1. What did you think of the range of voices and time periods the author employs in The Monsters of Templeton? How would the novel have been different had the story been told from a single point of view, or been set in one era?
2. “As soon as it died, our lives spiraled down,” the Buds lament in Chapter 13, on the death of the Lake Glimmerglass monster (page 151). Why are so many people in Templeton affected by the monster’s death? What did the monster represent to them?
3. In the Author’s Note, the author discusses writing about her hometown of Cooperstown, New York, and calling the fictional town Templeton. Do you think that The Monsters of Templeton could have taken place in any other locale? Why is the actual town’s history so important to the book’s present day events? How would the book have changed if she had decided to call the town Cooperstown?
4. Of the many characters from the past—Marmaduke Temple, Davey Shipman, Charlotte and Cinnamon, Elizabeth Franklin Temple, to name a few—which one(s) stood out for you? Why?
5. What was your opinion of Ezekiel Felcher at the beginning of the novel? Did it change as the novel progressed? Did you think that Willie might stay in Templeton to be with him? What do you think she should have done?

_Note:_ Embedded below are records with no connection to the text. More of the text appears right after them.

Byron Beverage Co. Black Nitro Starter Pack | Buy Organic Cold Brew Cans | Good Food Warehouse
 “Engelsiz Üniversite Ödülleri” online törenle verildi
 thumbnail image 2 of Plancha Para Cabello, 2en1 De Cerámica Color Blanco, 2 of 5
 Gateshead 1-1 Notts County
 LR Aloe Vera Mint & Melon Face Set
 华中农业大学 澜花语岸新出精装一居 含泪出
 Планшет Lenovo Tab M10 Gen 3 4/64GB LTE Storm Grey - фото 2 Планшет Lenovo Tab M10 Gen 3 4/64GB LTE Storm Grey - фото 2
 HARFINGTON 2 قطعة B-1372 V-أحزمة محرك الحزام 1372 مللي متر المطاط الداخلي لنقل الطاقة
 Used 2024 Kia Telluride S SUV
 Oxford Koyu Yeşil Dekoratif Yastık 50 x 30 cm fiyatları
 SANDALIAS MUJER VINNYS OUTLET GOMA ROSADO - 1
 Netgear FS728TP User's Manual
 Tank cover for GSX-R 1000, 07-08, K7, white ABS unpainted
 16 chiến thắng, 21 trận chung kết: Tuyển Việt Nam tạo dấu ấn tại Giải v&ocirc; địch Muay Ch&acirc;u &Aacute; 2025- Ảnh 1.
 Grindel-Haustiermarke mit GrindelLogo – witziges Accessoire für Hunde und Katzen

What do you think she will do in the future?
6. “This is a story of creation,” says Marmaduke Temple in one of the epigrams before the book begins, ostensibly an excerpt from his own story about how he founded Templeton. In what other ways is The Monsters of Templeton a story of creation? How can Willie’s story been seen as a story of creation?
7. The Monsters of Templeton ends with a death and a birth. What does this mean in the larger context of the novel Who—or what—else is born in the book?
8. What does the book’s title mean? Who or what are the “monsters” it refers to? What, exactly, does the word “monster” mean in the context of this book?